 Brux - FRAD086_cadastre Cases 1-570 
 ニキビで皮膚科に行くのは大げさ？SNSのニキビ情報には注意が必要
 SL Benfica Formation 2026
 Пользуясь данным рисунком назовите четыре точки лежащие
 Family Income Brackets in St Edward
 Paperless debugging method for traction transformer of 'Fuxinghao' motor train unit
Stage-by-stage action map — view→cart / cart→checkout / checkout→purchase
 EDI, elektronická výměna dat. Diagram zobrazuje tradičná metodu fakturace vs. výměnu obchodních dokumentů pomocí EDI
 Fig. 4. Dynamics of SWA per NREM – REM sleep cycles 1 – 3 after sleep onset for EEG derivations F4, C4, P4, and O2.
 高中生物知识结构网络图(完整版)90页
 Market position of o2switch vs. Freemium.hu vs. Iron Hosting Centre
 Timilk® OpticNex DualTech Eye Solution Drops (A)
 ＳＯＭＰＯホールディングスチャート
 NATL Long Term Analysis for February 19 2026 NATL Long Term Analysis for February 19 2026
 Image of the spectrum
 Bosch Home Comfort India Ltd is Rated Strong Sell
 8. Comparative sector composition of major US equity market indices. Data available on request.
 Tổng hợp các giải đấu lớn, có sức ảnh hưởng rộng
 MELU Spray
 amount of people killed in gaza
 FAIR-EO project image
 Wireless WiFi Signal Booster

**PROBLEM DESCRIPTION**
Every record must appear in the answer exactly as it appears above.

**YOUR SOLUTION**
 Brux - FRAD086_cadastre Cases 1-570 
 ニキビで皮膚科に行くのは大げさ？SNSのニキビ情報には注意が必要
 SL Benfica Formation 2026
 Пользуясь данным рисунком назовите четыре точки лежащие
 Family Income Brackets in St Edward
 Paperless debugging method for traction transformer of 'Fuxinghao' motor train unit
Stage-by-stage action map — view→cart / cart→checkout / checkout→purchase
 EDI, elektronická výměna dat. Diagram zobrazuje tradičná metodu fakturace vs. výměnu obchodních dokumentů pomocí EDI
 Fig. 4. Dynamics of SWA per NREM – REM sleep cycles 1 – 3 after sleep onset for EEG derivations F4, C4, P4, and O2.
 高中生物知识结构网络图(完整版)90页
 Market position of o2switch vs. Freemium.hu vs. Iron Hosting Centre
 Timilk® OpticNex DualTech Eye Solution Drops (A)
 ＳＯＭＰＯホールディングスチャート
 NATL Long Term Analysis for February 19 2026 NATL Long Term Analysis for February 19 2026
 Image of the spectrum
 Bosch Home Comfort India Ltd is Rated Strong Sell
 8. Comparative sector composition of major US equity market indices. Data available on request.
 Tổng hợp các giải đấu lớn, có sức ảnh hưởng rộng
 MELU Spray
 amount of people killed in gaza
 FAIR-EO project image
 Wireless WiFi Signal Booster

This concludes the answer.